## PROVIDED RECORDS:
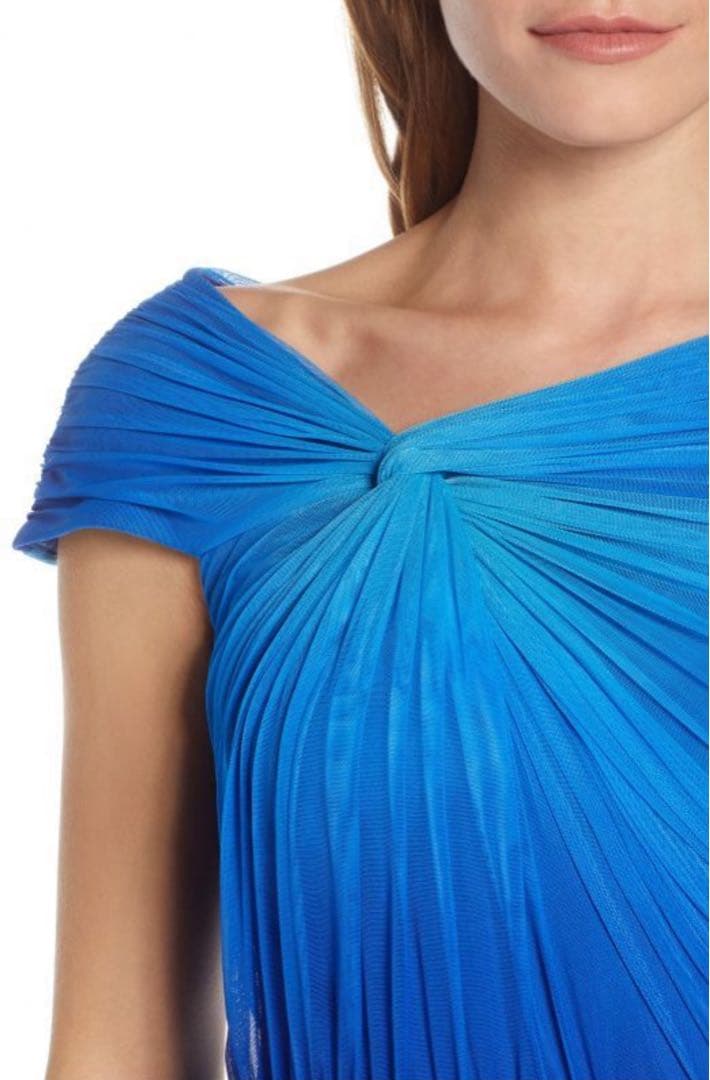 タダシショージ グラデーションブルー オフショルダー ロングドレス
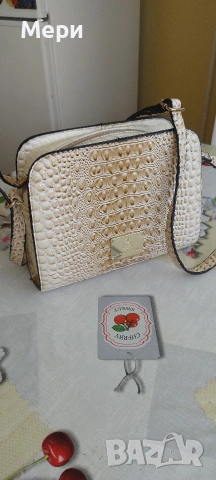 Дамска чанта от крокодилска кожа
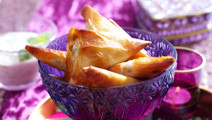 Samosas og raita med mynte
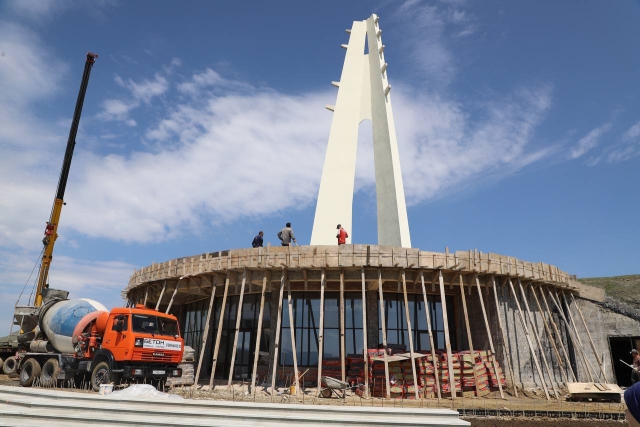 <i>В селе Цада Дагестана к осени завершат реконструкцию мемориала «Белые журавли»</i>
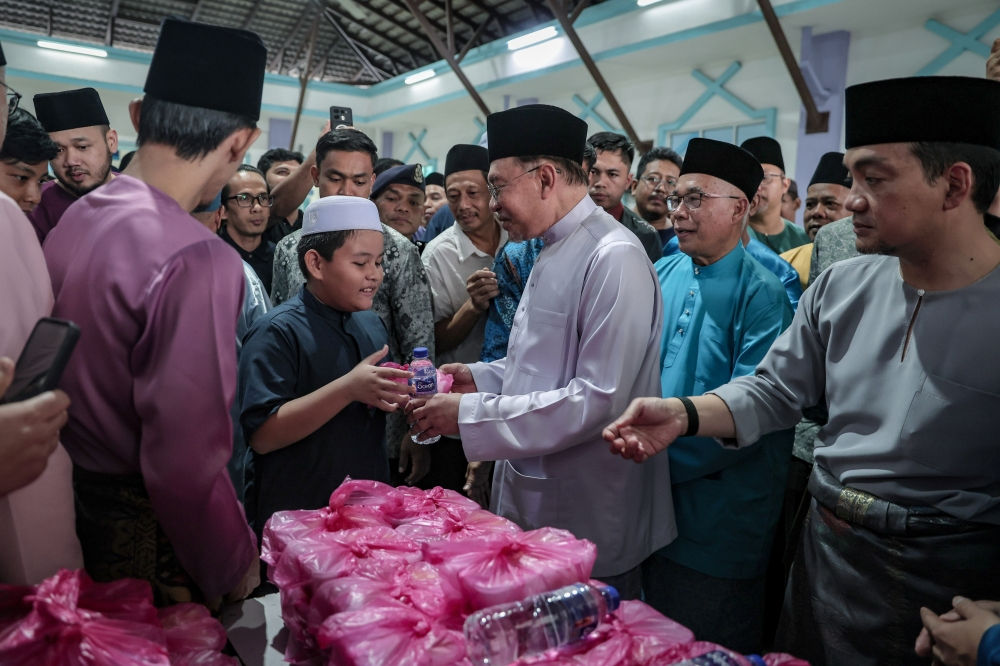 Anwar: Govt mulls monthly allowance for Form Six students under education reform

## YOUR GOAL:
The data above must be written out again word for word, without its pictures.

## OUTPUT FOR THIS TASK:
 タダシショージ グラデーションブルー オフショルダー ロングドレス
 Дамска чанта от крокодилска кожа
 Samosas og raita med mynte
 <i>В селе Цада Дагестана к осени завершат реконструкцию мемориала «Белые журавли»</i>
 Anwar: Govt mulls monthly allowance for Form Six students under education reform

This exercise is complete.